Koordination zwischen verschiedenen Interessengruppen Verschiedene Interessengruppen, wie das Gesundheitsministerium, Nichtregierungsorganisationen und akademische Einrichtungen, verfolgten mitunter widersprüchliche Ziele und Zeitpläne.
Technische Herausforderungen Integration des nepalesischen BS-Kalenders Die komplexe Struktur des nepalesischen BS-Kalenders verursachte Probleme bei der Dateneingabe und Berichterstattung in DHIS2. Die Diskrepanz zum gregorianischen Kalender beeinträchtigte die Datengenauigkeit.
Skalierbarkeit des Systems bei steigender Nutzung Die wachsende Datenmenge und neue Funktionen belasteten das aktuelle DHIS2-System.
Politische Änderungen und regulatorische Verschiebungen Neue Gesetze zum Datenschutz bei Gesundheitsdaten und zum digitalen Datenaustausch erhöhten die Komplexität.
Kontextuelle Faktoren Staatliche Unterstützung Jüngste Reformen im Gesundheitssektor und die Förderung der Digitalisierung erleichterten die Einführung von DHIS2.
Integration mit externen Datenquellen Externe Datenquellen wiesen oft uneinheitliche Formate auf und erforderten eine manuelle Bereinigung.

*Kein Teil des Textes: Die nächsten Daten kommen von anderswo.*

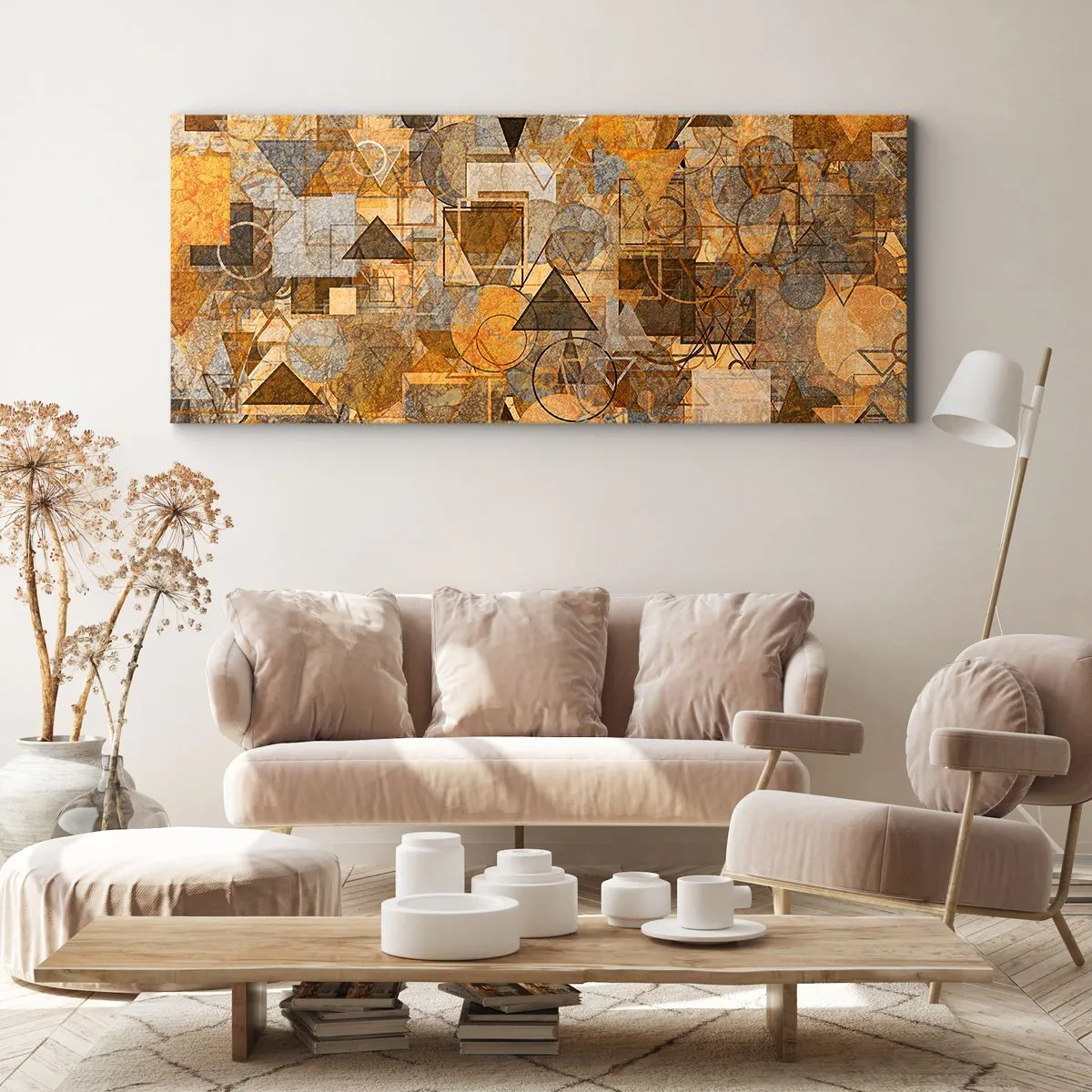 Bild auf Leinwand - Leinwandbild - Abstrakte geometrische Muster in Goldtönen - 160x50cm - Die Welt in Form - Moderne Wanddekoration für Wohnzimmer und Schlafzimmer ARTTOR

Widerstand gegen den Wandel
Interoperabilität und Integration
Skalierbarkeit der Infrastruktur
Politische, rechtliche und Compliance-Hindernisse
Koordinierung und Zusammenarbeit der Interessengruppen
Empfehlungen
Bieten Sie frühzeitig Schulungen, Workshops und Gelegenheiten zum Lernen von internationalen Experten an.
Legen Sie die Rollen von Anfang an klar fest und halten Sie regelmäßige Besprechungen ab, um alle Beteiligten auf dem Laufenden zu halten. Ernennen Sie einen Ansprechpartner zur Koordinierung der Maßnahmen.
Entwickeln Sie Lösungen für die Unterstützung von zwei Kalendern in DHIS2.
Optimieren Sie die Datenbank, verbessern Sie das Caching und testen Sie die Fähigkeit des Systems, größere Datenmengen zu verarbeiten.
Richten Sie automatisierte Prozesse ein, um eingehende Daten zu standardisieren und so den Bedarf an manuellen Eingriffen zu verringern.
Richten Sie das Projekt an nationalen Gesundheitspolitiken und Digitalisierungszielen aus, um kontinuierliche Unterstützung und Finanzierung sicherzustellen.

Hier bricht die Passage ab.